■ What the task requires ■
Lines to restate from the data below: from the one containing "透明水彩画　A4サイズ(縦) イラスト 壁掛け　カレンダー" to the one containing "USA 250th Anniversary", both included. Give them again exactly, and only them.

════════

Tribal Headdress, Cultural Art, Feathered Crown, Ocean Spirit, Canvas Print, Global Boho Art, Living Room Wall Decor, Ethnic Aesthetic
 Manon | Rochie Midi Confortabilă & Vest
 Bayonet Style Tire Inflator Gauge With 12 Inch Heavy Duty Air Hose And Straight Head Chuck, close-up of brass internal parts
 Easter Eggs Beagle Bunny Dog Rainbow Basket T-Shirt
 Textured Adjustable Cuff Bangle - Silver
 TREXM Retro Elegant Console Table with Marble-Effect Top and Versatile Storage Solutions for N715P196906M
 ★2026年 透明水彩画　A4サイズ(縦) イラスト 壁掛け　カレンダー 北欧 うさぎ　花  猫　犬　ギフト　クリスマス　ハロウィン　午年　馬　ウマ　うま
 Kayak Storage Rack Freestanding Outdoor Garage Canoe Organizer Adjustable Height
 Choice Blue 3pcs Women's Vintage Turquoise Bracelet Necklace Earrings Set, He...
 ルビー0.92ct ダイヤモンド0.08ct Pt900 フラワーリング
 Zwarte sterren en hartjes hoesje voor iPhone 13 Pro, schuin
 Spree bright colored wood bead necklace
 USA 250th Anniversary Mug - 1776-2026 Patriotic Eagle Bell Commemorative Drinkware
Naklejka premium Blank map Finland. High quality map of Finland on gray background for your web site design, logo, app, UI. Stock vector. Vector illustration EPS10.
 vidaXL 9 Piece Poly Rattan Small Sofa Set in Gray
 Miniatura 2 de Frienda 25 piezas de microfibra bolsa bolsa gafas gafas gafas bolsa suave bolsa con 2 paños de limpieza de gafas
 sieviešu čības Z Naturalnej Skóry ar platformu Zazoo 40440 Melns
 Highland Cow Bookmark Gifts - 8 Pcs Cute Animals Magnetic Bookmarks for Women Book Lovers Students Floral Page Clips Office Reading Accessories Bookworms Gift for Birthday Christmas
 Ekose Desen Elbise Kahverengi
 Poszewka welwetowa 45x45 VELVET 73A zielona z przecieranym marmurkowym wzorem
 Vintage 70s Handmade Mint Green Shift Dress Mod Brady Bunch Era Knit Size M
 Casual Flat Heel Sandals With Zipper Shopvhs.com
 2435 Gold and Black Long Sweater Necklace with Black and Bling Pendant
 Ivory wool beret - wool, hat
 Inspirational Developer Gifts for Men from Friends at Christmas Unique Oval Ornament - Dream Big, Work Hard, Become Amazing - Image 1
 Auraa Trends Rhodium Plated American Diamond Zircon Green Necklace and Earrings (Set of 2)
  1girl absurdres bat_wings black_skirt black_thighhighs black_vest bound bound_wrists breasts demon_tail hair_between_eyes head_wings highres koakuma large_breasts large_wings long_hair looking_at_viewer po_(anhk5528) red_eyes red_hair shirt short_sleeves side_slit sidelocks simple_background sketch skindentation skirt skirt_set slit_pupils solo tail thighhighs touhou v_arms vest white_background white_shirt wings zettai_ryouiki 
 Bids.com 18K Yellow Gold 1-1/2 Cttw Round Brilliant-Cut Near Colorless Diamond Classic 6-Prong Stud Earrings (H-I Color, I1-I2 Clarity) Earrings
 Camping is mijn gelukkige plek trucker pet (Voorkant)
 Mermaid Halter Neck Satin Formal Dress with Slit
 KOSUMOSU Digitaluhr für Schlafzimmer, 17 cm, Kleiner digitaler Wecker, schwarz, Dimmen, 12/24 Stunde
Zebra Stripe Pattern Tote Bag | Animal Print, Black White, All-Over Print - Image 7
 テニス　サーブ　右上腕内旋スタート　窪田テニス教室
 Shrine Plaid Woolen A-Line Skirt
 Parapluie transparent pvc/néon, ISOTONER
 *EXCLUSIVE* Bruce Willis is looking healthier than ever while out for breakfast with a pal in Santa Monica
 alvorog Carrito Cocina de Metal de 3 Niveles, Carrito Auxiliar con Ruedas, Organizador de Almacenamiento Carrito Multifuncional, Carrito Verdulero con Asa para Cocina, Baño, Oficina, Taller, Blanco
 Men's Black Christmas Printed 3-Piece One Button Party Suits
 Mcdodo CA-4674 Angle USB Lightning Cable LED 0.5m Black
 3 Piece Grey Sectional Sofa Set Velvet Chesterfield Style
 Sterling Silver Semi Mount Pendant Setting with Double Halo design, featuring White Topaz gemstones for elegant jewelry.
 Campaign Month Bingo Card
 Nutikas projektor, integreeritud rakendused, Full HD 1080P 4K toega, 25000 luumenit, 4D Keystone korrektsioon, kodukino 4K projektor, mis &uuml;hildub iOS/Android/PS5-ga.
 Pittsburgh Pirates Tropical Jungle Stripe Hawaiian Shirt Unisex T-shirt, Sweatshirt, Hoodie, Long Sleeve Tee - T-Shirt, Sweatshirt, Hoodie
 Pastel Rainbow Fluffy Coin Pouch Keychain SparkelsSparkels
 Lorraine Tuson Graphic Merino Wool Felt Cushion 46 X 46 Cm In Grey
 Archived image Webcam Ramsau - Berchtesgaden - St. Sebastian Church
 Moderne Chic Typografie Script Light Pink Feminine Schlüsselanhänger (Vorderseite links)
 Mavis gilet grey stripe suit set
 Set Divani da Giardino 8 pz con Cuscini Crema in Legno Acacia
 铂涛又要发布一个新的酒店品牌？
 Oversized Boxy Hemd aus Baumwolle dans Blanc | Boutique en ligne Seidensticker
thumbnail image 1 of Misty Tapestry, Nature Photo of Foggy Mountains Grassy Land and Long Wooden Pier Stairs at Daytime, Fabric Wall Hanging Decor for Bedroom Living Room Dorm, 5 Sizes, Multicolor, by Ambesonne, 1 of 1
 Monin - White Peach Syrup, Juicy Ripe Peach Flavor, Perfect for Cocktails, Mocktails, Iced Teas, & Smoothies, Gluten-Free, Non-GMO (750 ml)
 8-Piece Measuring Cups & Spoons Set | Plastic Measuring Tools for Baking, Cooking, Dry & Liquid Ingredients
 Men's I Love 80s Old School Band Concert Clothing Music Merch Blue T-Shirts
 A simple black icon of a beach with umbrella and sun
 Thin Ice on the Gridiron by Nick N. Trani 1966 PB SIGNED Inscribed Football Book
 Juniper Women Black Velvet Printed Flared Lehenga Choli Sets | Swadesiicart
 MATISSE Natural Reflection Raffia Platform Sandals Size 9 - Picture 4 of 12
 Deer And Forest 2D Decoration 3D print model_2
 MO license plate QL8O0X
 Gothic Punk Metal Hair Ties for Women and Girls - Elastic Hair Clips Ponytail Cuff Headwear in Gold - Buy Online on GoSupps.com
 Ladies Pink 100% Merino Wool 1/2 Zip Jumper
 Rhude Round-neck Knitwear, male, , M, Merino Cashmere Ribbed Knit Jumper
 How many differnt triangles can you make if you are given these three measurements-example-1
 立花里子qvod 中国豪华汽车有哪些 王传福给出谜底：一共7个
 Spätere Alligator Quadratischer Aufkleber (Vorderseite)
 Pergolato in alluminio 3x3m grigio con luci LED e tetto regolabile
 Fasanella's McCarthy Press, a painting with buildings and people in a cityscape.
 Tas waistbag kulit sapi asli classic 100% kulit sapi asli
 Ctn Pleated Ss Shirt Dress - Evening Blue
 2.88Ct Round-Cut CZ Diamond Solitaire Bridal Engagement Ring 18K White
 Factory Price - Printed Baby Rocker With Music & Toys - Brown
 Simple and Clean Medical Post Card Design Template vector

════════

■ Solution for this task ■
 ★2026年 透明水彩画　A4サイズ(縦) イラスト 壁掛け　カレンダー 北欧 うさぎ　花  猫　犬　ギフト　クリスマス　ハロウィン　午年　馬　ウマ　うま
 Kayak Storage Rack Freestanding Outdoor Garage Canoe Organizer Adjustable Height
 Choice Blue 3pcs Women's Vintage Turquoise Bracelet Necklace Earrings Set, He...
 ルビー0.92ct ダイヤモンド0.08ct Pt900 フラワーリング
 Zwarte sterren en hartjes hoesje voor iPhone 13 Pro, schuin
 Spree bright colored wood bead necklace
 USA 250th Anniversary Mug - 1776-2026 Patriotic Eagle Bell Commemorative Drinkware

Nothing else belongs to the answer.